• [TASK DESCRIPTION]
Only the lines from the top of the records below through the line containing "Bill of Materials: Mark" should be printed, exactly and without pictures.

• [EXTRACTED INFORMATION]

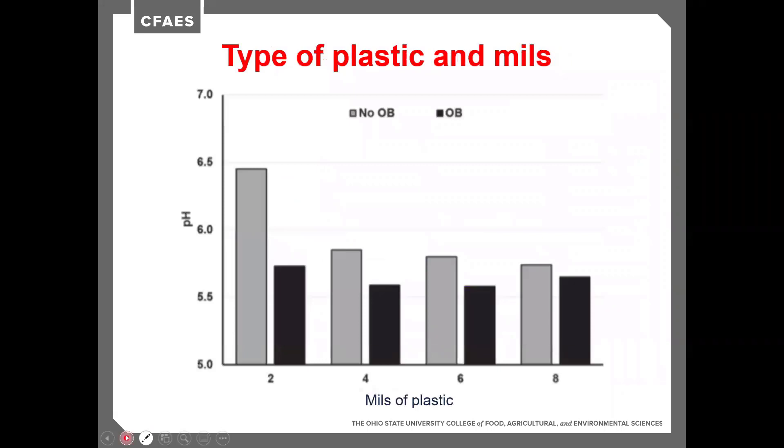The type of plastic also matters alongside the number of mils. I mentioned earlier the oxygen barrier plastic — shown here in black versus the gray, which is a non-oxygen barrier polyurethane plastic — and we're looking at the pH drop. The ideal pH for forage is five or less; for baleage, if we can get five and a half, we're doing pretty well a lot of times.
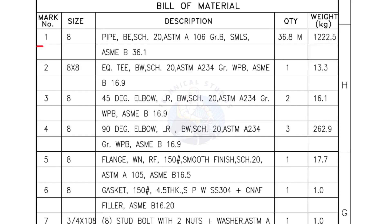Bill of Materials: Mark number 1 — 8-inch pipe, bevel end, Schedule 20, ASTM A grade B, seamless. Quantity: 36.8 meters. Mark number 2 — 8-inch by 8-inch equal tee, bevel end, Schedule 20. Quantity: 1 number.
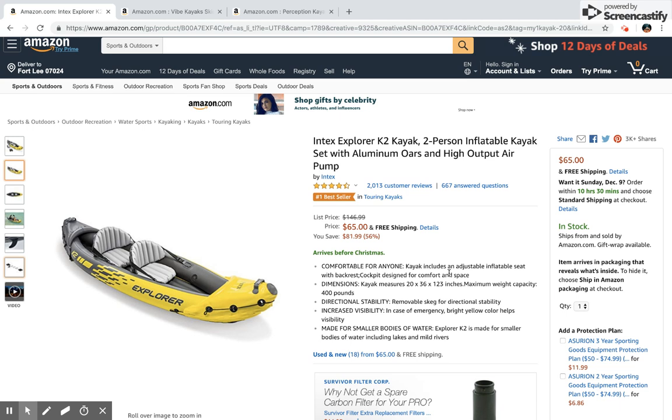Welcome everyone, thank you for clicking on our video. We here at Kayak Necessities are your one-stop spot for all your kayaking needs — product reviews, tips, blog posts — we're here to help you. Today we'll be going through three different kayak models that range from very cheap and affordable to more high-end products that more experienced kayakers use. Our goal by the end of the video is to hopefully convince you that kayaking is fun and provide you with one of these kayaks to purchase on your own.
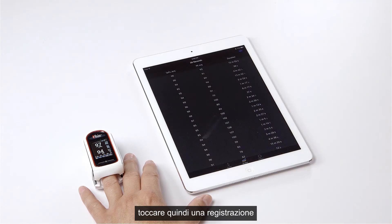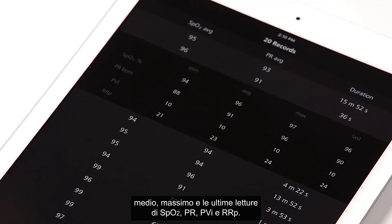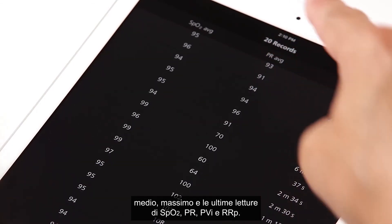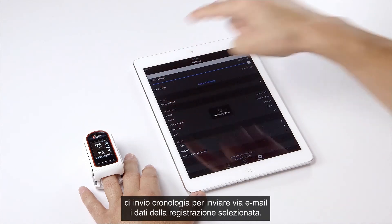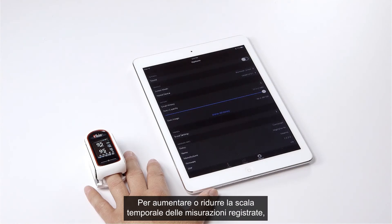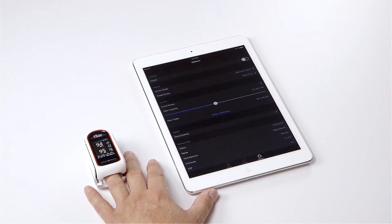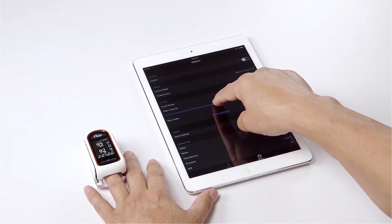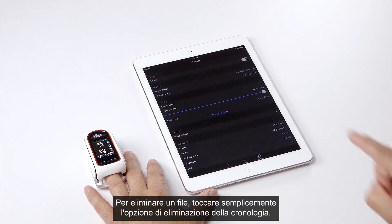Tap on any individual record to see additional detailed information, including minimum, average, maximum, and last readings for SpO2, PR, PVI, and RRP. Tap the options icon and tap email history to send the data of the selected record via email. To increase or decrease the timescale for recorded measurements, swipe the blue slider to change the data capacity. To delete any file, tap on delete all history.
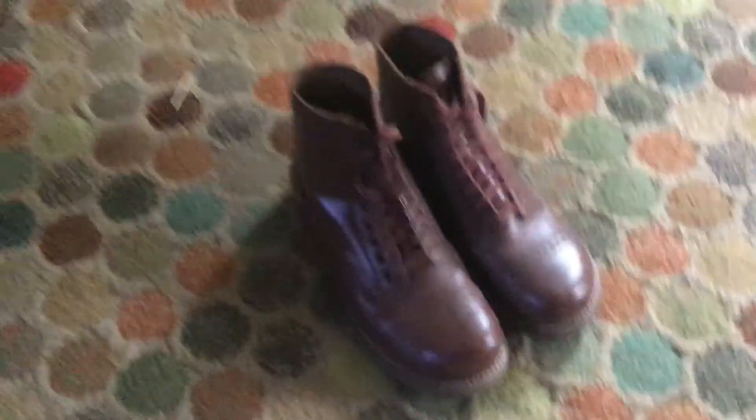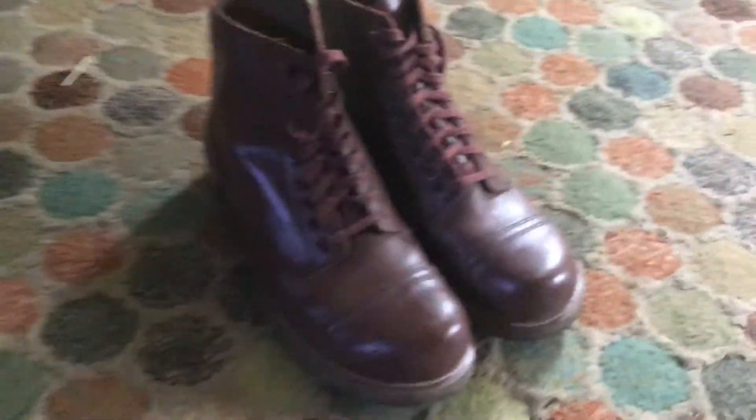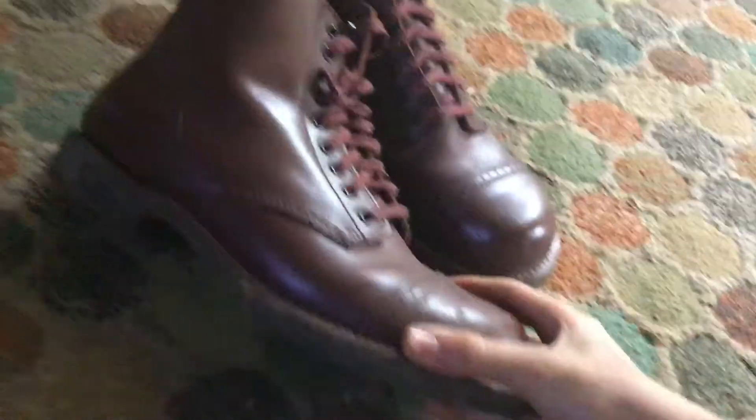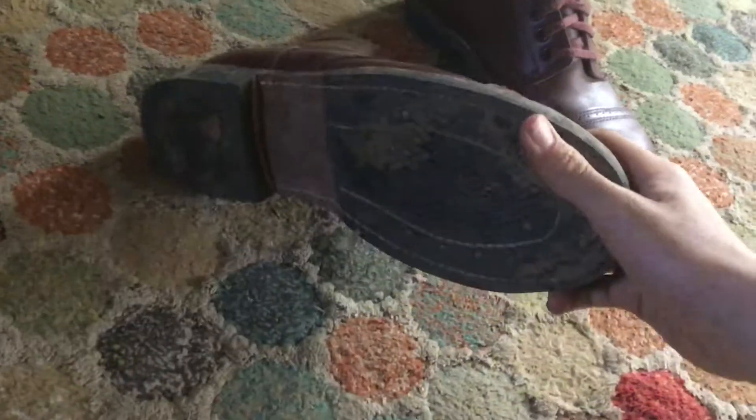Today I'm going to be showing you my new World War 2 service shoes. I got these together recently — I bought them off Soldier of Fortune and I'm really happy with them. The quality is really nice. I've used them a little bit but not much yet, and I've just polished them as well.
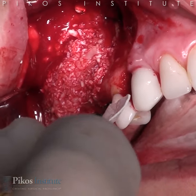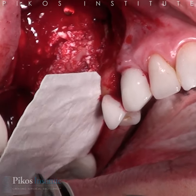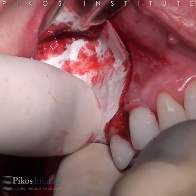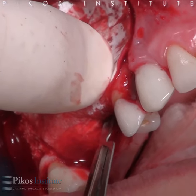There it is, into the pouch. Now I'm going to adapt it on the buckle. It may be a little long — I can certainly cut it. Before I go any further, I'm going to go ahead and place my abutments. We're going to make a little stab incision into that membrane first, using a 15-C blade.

• [RESULT BELOW]
The type of plastic also matters alongside the number of mils. I mentioned earlier the oxygen barrier plastic — shown here in black versus the gray, which is a non-oxygen barrier polyurethane plastic — and we're looking at the pH drop. The ideal pH for forage is five or less; for baleage, if we can get five and a half, we're doing pretty well a lot of times.
Bill of Materials: Mark number 1 — 8-inch pipe, bevel end, Schedule 20, ASTM A grade B, seamless. Quantity: 36.8 meters. Mark number 2 — 8-inch by 8-inch equal tee, bevel end, Schedule 20. Quantity: 1 number.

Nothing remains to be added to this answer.